*What the task requires*.
Skip the pictures and write out, word for word, the lines below from the one with "Meilleures ventes 2026" through the one with "Hotel 30 Degree", inclusive.

*Exercise input*.
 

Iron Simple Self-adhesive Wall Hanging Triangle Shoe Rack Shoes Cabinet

...

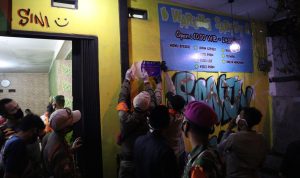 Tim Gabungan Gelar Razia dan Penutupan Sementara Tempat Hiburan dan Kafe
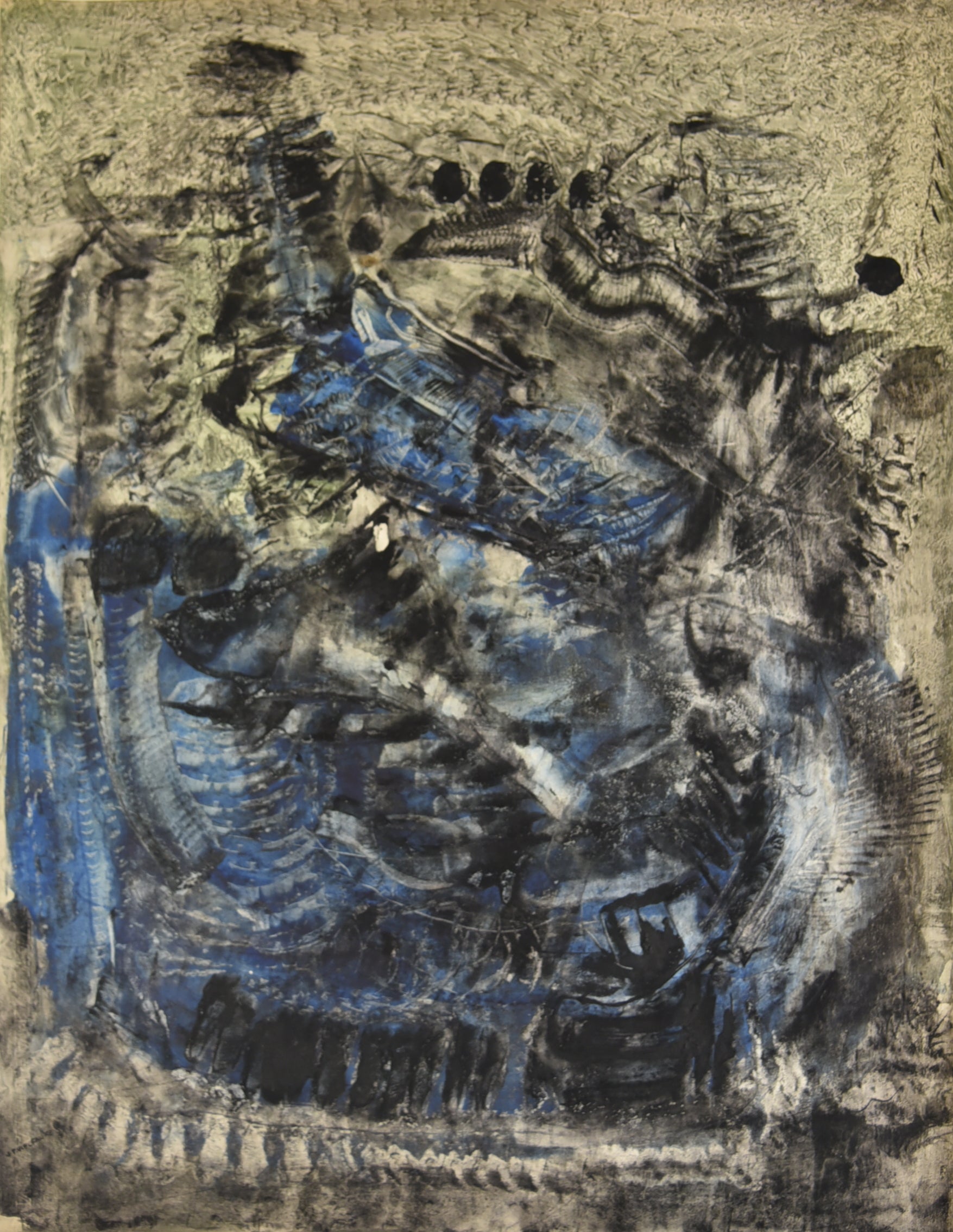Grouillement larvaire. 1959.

...

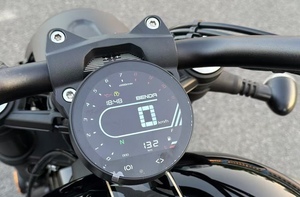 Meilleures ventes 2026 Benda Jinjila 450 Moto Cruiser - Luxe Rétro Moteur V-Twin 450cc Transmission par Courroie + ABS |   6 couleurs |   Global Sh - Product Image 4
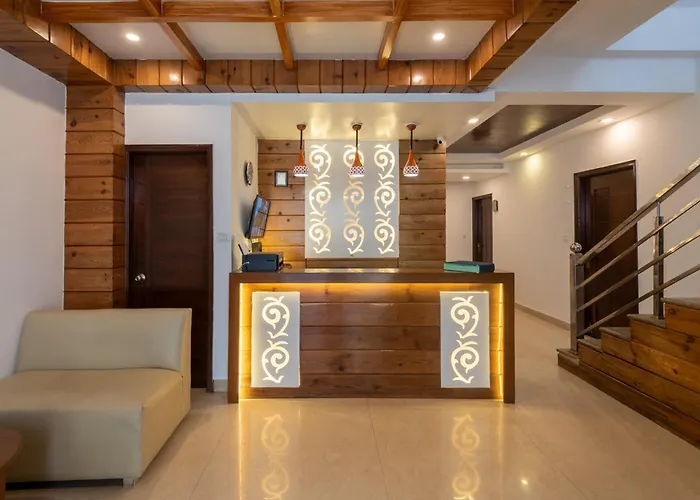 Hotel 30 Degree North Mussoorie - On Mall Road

*Solution*.
 Meilleures ventes 2026 Benda Jinjila 450 Moto Cruiser - Luxe Rétro Moteur V-Twin 450cc Transmission par Courroie + ABS |   6 couleurs |   Global Sh - Product Image 4
 Hotel 30 Degree North Mussoorie - On Mall Road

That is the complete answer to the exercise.